▶ **Exercise instructions**:
Filter the listing below for "going" and report every line that has it.

▶ **Listed records**:
[Start of Attachment]

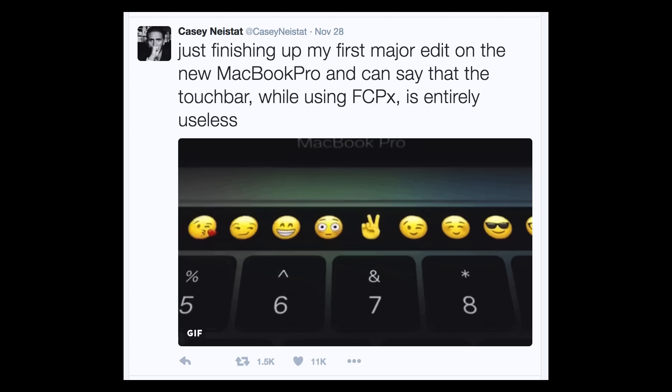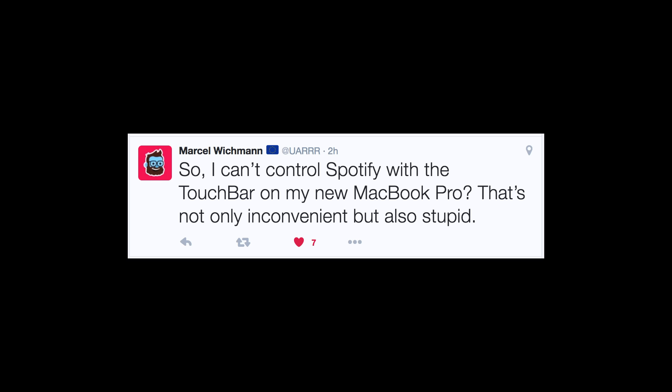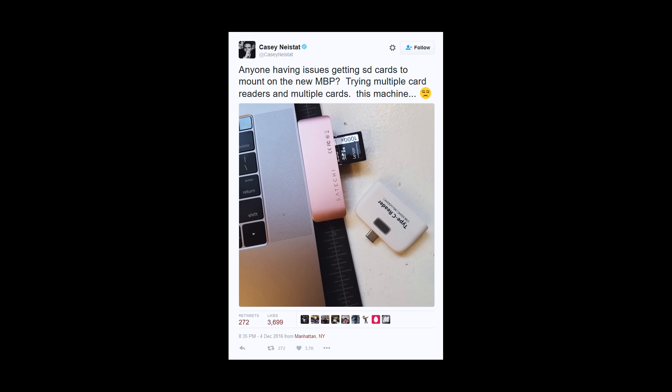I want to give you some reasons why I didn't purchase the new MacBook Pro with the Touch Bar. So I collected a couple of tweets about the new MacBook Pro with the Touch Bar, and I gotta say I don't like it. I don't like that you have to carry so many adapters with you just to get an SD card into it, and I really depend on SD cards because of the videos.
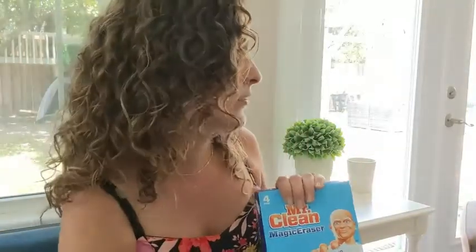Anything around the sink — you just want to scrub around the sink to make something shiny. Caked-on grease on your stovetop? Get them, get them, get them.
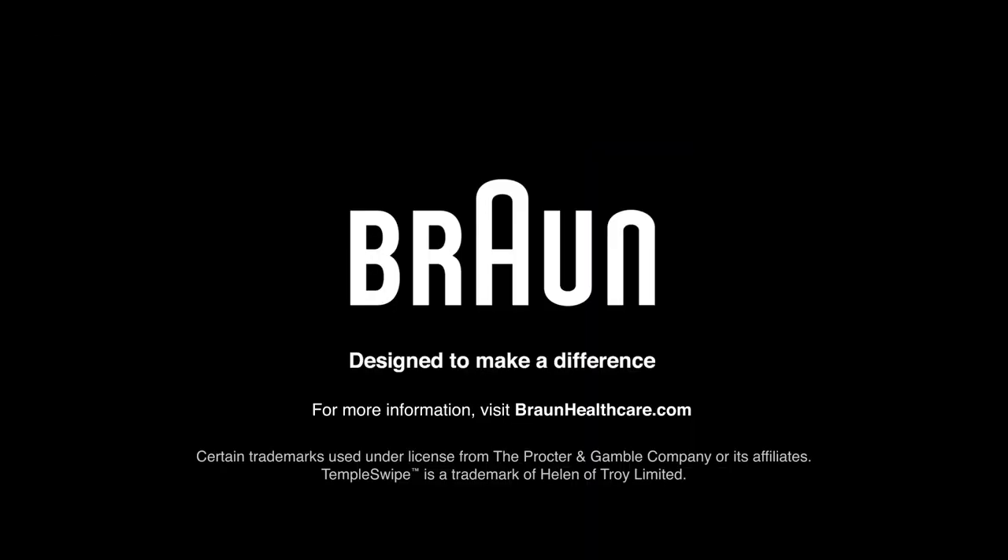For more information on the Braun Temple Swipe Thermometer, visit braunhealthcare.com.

[End of Attachment]
[Start of Attachment]

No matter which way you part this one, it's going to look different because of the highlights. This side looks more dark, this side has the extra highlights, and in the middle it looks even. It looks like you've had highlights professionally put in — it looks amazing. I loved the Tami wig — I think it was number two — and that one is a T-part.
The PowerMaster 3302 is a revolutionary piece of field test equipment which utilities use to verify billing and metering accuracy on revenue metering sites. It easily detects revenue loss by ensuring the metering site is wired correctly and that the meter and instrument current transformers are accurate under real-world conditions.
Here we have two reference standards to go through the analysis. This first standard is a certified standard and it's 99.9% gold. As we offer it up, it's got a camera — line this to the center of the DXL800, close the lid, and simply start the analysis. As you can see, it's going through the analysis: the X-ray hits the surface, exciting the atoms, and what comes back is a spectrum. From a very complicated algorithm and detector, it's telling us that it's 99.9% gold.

[End of Attachment]

▶ **Result of the task**:
No matter which way you part this one, it's going to look different because of the highlights. This side looks more dark, this side has the extra highlights, and in the middle it looks even. It looks like you've had highlights professionally put in — it looks amazing. I loved the Tami wig — I think it was number two — and that one is a T-part.
Here we have two reference standards to go through the analysis. This first standard is a certified standard and it's 99.9% gold. As we offer it up, it's got a camera — line this to the center of the DXL800, close the lid, and simply start the analysis. As you can see, it's going through the analysis: the X-ray hits the surface, exciting the atoms, and what comes back is a spectrum. From a very complicated algorithm and detector, it's telling us that it's 99.9% gold.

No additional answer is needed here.